Heidegger quant à lui pense la relation que l’homme entretient avec la vérité plutôt que l’essence de la vérité en elle-même ; ou mieux encore, il pense que cette essence est inséparable de son rapport au Dasein (l’homme en ses structures existentielles), ce qui ne signifie en aucun cas pour lui que la vérité ne soit qu’un reflet de la subjectivité humaine. Heidegger revient au mot grec désignant la vérité, à savoir aletheia, mot qui signifie littéralement « le fait de ne pas cacher » et que l’on peut encore traduire par dévoilement.
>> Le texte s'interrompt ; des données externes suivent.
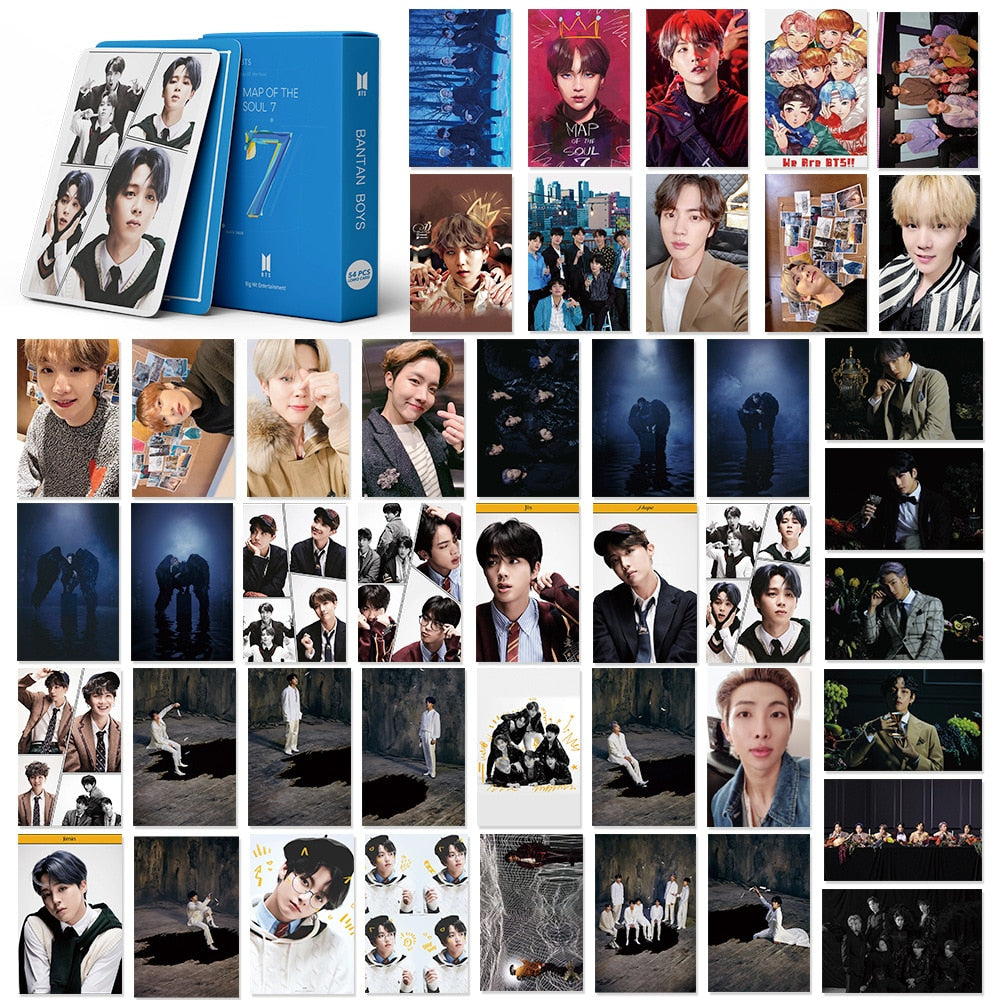 54PC KPOP Boys Photocard Album SPEAK YOURSELF Self Made Paper Card Lighes/Boys With Luv Photo Cards Poster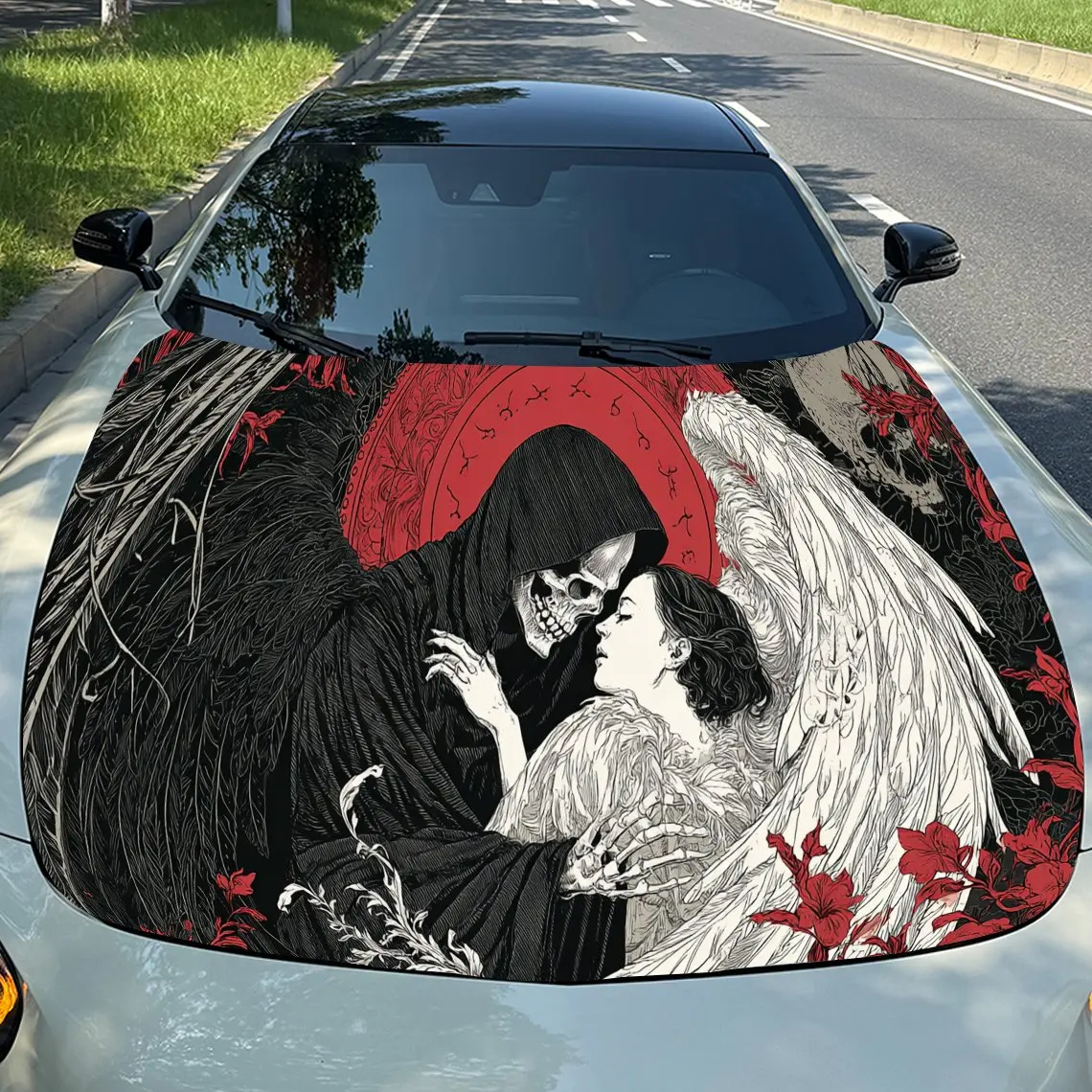 

Romantic Dark Kiss Angel Girl PVC Car Hood Wraps, Self-Adhesive Waterproof Car Bonnet Decal Sticker, Car Decoration Protection S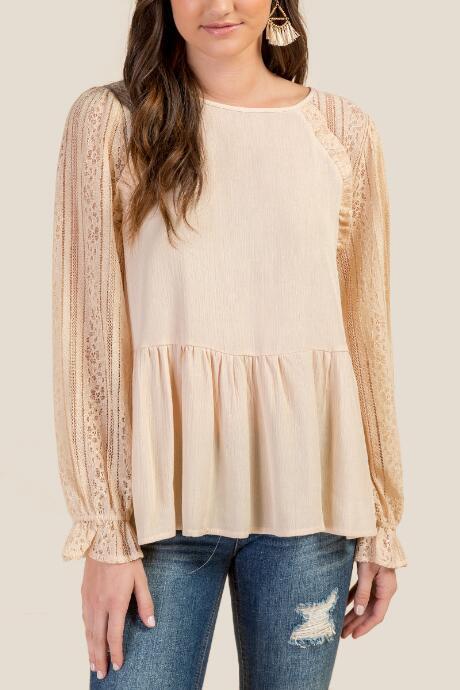 Francesca Inchess Mazie Lace Peasant Sleeve Peplum Blouse - Sand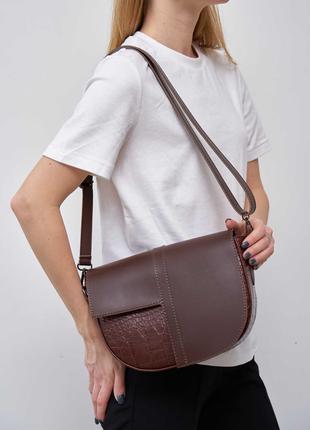 Женская сумка полукруг коричневая сумка через плечо сумка кроко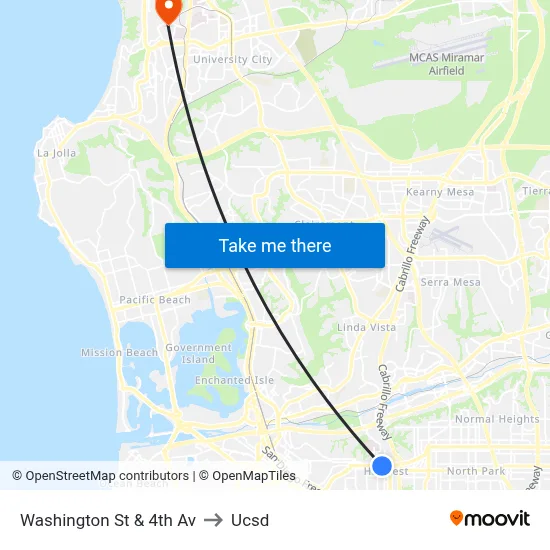 Washington St & 4th Av to Ucsd map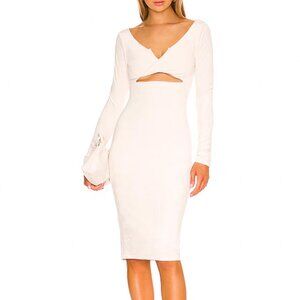 Camila Coelho Solo Dress Ivory Velour Long Sleeve Cutout Midi Bodycon Medium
C’est en quelque sorte l’Être (la vérité étant toujours vérité de l’Être) qui se dévoile de lui-même à l’homme ; l’homme n’est donc jamais le « créateur » de l’Être et de sa vérité mais plutôt celui qui est en mesure de recueillir cette vérité, d’être « le berger de l’Être ». Enfin, il faut bien comprendre que le dévoilement n’est jamais total, définitif ; le dévoilement ne va pas sans un voilement. L’être se révèle toujours en même temps qu’il se soustrait.